Карту мы раскладывали и, сверяя ее с текстом книги, прочерчивали путь наступления красных и отступления белых, поэтому в пьесе так много подлинных названий, связанных с историческими боями и передвижениями войск: Перекоп, Сиваш, Чонгар, Курчулан, Алманайка, Бабий Гай, Арабатская стрелка, Таганаш, Юшунь, Керман-Кемальчи…
Чтобы надышаться атмосферой Константинополя, в котором я прожила несколько месяцев, М.А. просил меня рассказывать о городе. Я рассказывала, а он как художник брал только самые яркие пятна, нужные ему для сценического изображения.

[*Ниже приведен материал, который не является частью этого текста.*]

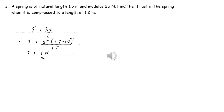Hooke's Law can be applied to a compressed spring as well as a stretched spring or string. Here, x is the compression in the spring, so we can apply Hooke's Law to work out the thrust in the spring.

Крики, суета, интернациональная толпа большого восточного города показаны им выразительно и правдиво (напомню, что Константинополь в то время был в ведении представителей Франции, Англии, Италии. Внутренний порядок охраняла международная полиция. Султан номинально еще существовал, но по ту сторону Босфора, на азиатском берегу, уже постреливал Кемаль).
Что касается „тараканьих бегов", то они с необыкновенным булгаковским блеском и фантазией родились из рассказа Аркадия Аверченко „Константинопольский зверинец", где автор делится своими константинопольскими впечатлениями тех лет. На самом деле, конечно, никаких тараканьих бегов не существовало. Это лишь горькая гипербола и символ — вот, мол, ничего иного эмигрантам не остается, кроме тараканьих бегов.
Не раз рассказывала я М.А. о самых различных встречах, происшествиях и переживаниях, предшествующих нашему браку лет. Он находил их интересными и собственноручно (по моим рассказам) набросал для меня план предполагаемой книги, которая мной так и не была написана, но пишется сейчас. С грустью думаю, что в его бумагах план этот не сохранился.
С особым внимание отнесся М.А. к моему устному портрету Владимира Пименовича Крымова, петербургского литератора. Он чем-то заинтересовал творческую лабораторию писателя и вылился позже в окарикатуренный образ Парамона Ильича Корзухина.